Fake news and rumors are rampant on social media, and believing in them can cause significant harm. With the COVID-19 pandemic, social media has become the main instrument for sharing information about it, and along with it, the circulation of fake news. In this project we propose to detect fake news about COVID-19, using a combination of a transformer and classical machine learning algorithms with different features such as the text, the text sentiment, NER tags, POS tags, and so on.
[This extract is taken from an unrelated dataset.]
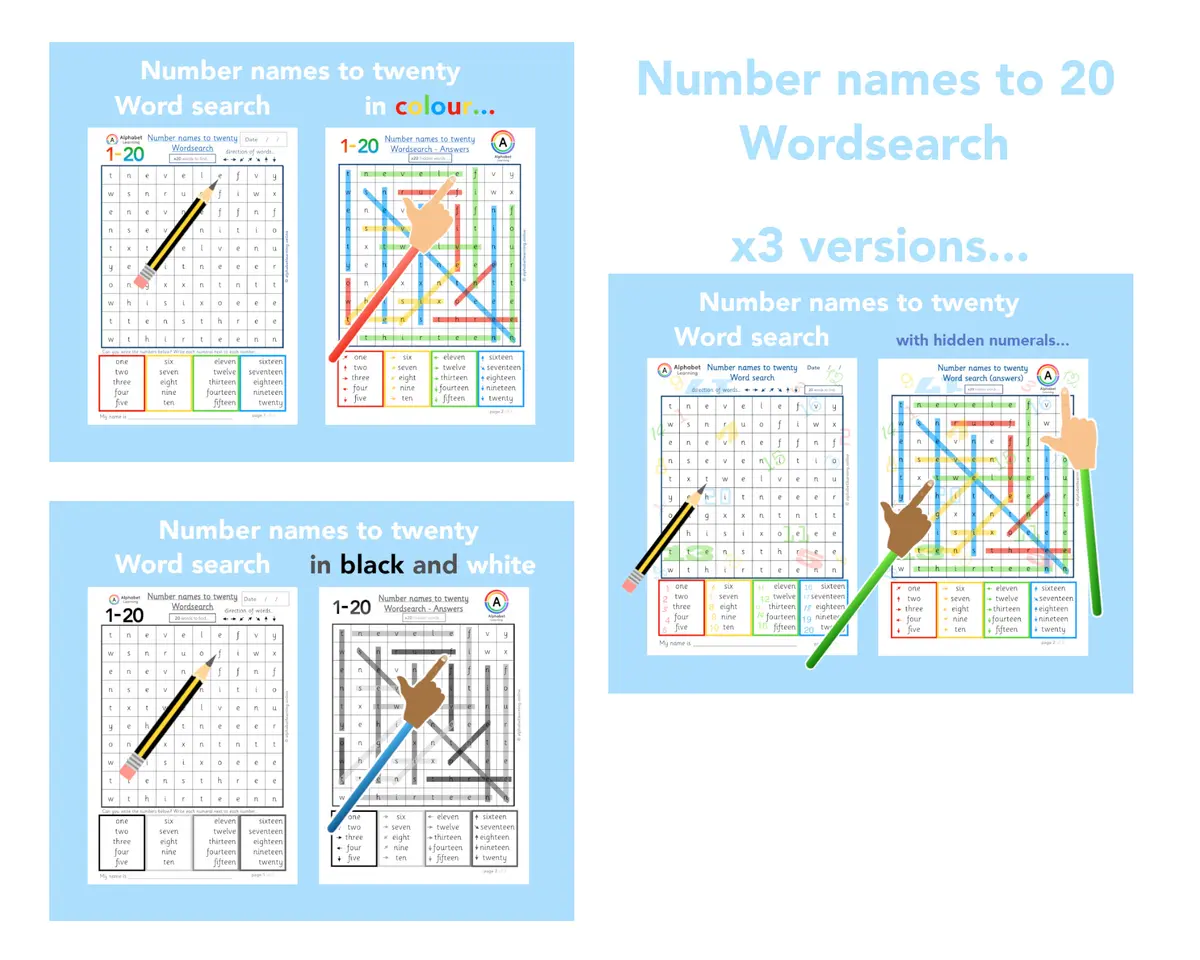Number names to twenty word search worksheet (ages 5-7) main preview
Finally, we thoroughly compare the results providing the accuracy, precision, recall, and F1-score metrics of all the systems.
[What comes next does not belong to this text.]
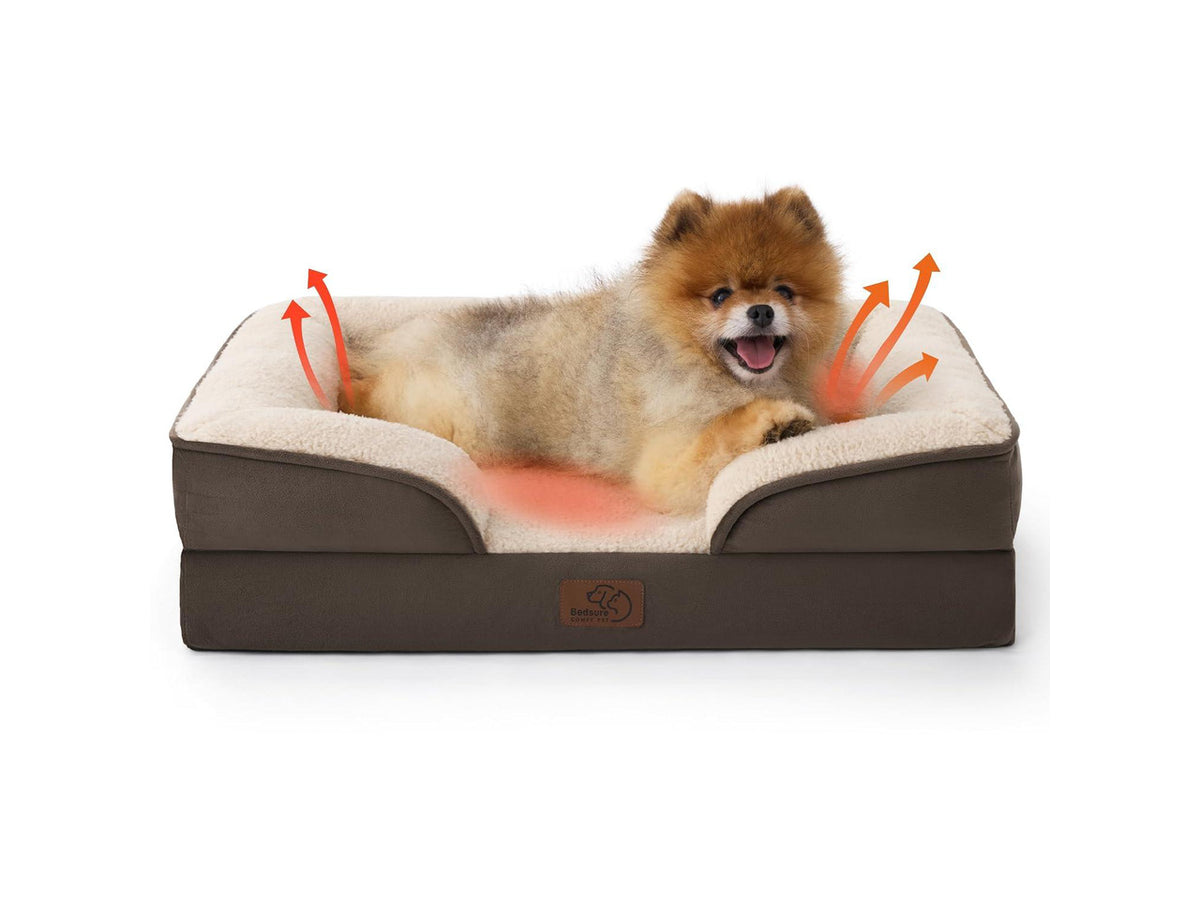 Self Warming Orthopedic Dogs Bed for Small Dogs - Washable Small Dog Bed Waterproof, Comfort Pet Couch with Removable Cover, Pets Sofa with Nonskid Bottom, Brown, Non-Electric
The paper is available as part of this repository
The code is available in a Jupyter Notebook
Note: Abbreviations of the systems: DT: Decision Tree, LR: Logistic Regression, SVM: Support Vector Machine, GDBT: Gradient Boosting, TC: RoBERTa+XLM-RoBERTa +XLNet+DeBERT transformer combination with soft voting, BERT: BERT transformer, NB: Naive Bayes, MLP: Multilayer Perceptron, RF: Random Forest.
Model | Accuracy |
Precision |
Recall |
F1-score |
---|---|---|---|---|
DT (baseline) | 85.37 | 85.47 | 85.37 | 85.39 |
LR (baseline) | 91.96 | 92.01 | 91.96 | 91.96 |
SVM (baseline) | 93.32 | 93.33 | 93.32 | 93.32 |
GDBT (baseline) | 86.96 | 87.24 | 86.96 | 86.96 |
TC (baseline) | 98.31 | 98.31 | 98.31 | 98.31 |
------------- | ---------------------- | ---------------------- | ------------------ | ---------------------- |
BERT | 97.52 | 96.51 | 98.83 | 97.66 |
NB | 80.23 | 82.18 | 79.46 | 80.80 |
MLP | 87.26±0.0092 | 85.96±0.0138 | 90.46±0.0082 | 88.14±0.0076 |
RF | 92.75±0.0017 | 91.22±0.0023 | 95.31±0.0029 | 93.22±0.0016 |
DT | 86.68±0.0029 | 86.75±0.0027 | 88.00±0.0054 | 87.37±0.0030 |
------------- | ---------------------- | ---------------------- | ------------------ | ---------------------- |
NB + BERT | 97.24 | 96.74 | 98.04 | 97.38 |
MLP + BERT | 96.75±0.0060 | 95.52±0.0079 | 98.40±0.0035 | 96.94±0.0056 |
RF + BERT | 97.80±0.0007 | 97.02±0.0013 | 98.82±0.0004 | 97.91±0.0007 |
DT + BERT | 97.93±0.0007 | 98.04±0.0009 | 98.00±0.0020 | 98.02 ±0.0007 |
Accuracy, Precision, Recall, and F1-score of all the models for the test dataset. The table shows the mean and the standard deviation (mean±standard deviation) after training the models 20 times.